US officials said they do not believe Russia will launch an invasion while Xi Jinping is presiding over the opening of the Beijing Winter Olympics. “The Chinese are not going to like their Games being disrupted by war,” Gorenburg said. Putin is scheduled to travel to the Chinese capital for the opening ceremony, while US and European leaders are absent to protest human rights abuses.
One theory among Russia watchers is that China is closely monitoring Russia’s response.
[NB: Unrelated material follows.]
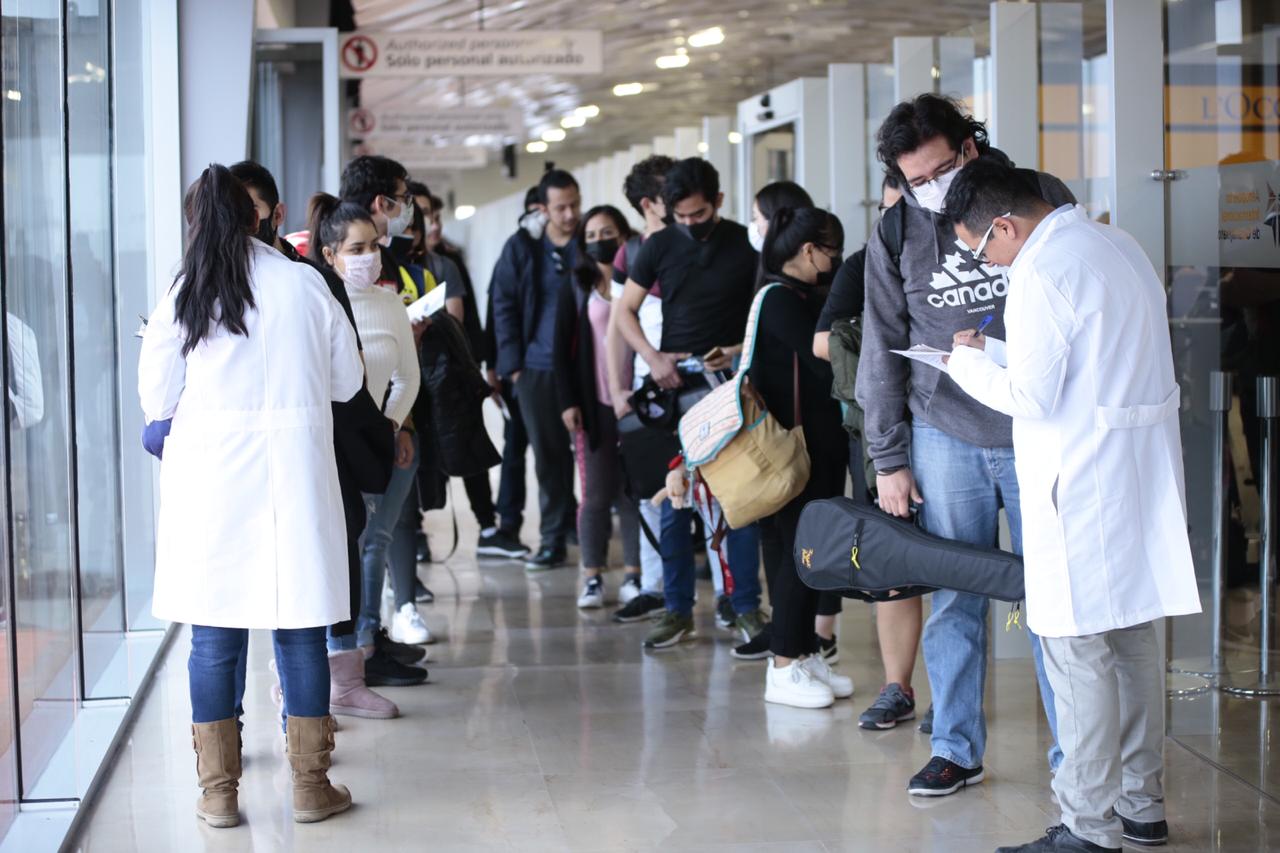 Repatrian a 18 estudiantes guanajuatenses de China por miedo al coronavirus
Washington and Europe on Ukraine to gauge what could happen if it acts against Taiwan. Hodges sees it as a risk: “If we, with our combined diplomatic and economic power, as well as military power, cannot stop the President of the Russian Federation from doing something that is so obviously illegal, wrong and aggressive, then I don’t think President Xi is going to be very impressed by anything we say about Taiwan or the East China Sea.”
Russian presence in Latin America
Senior Russian officials have warned that Moscow could deploy troops or military assets to Cuba and Venezuela. The threats are vague, although Russia maintains a close relationship with both nations, as well as Nicaragua. U.S. national security adviser Jake Sullivan dismissed that idea, and regional and global experts see it as a strategy that likely won’t accomplish much beyond dividing the forces Russia needs elsewhere, and is therefore unlikely to happen. .
A more likely scenario is that Russia reinforces its already extensive propaganda and disinformation efforts to sharpen divisions in Latin America and elsewhere, including the United States..
A diplomatic solution
That the current confrontation ends in invasion is not a foregone conclusion. Although the Biden administration said it would not give in to Russian security demands, it appears there is still room for diplomacy. Russian Foreign Minister Sergei Lavrov said Thursday that the US response “gives hope for the start of a serious conversation on secondary issues.”
France, Germany, Ukraine and Russia have agreed to sit down for talks in two weeks, an initiative that seeks to revive the 2015 agreement to ease the conflict in eastern Ukraine. Some fear this will complicate attempts by Washington and NATO to present a united front against Russia.
A withdrawal might be good for the world, but it could come at a high cost for Putin, Russian journalist Yulia Latynina said in an essay published in the New York Times on Friday. He stated that the president could have launched a riot with the movement of troops to make the United States and Europe renounce any rapprochement with Kiev. “Instead of trapping the United States, Mr. Putin has trapped himself,” he wrote. “Caught between armed conflict and humiliating retreat, he is seeing his room for maneuver shrink to nothing.”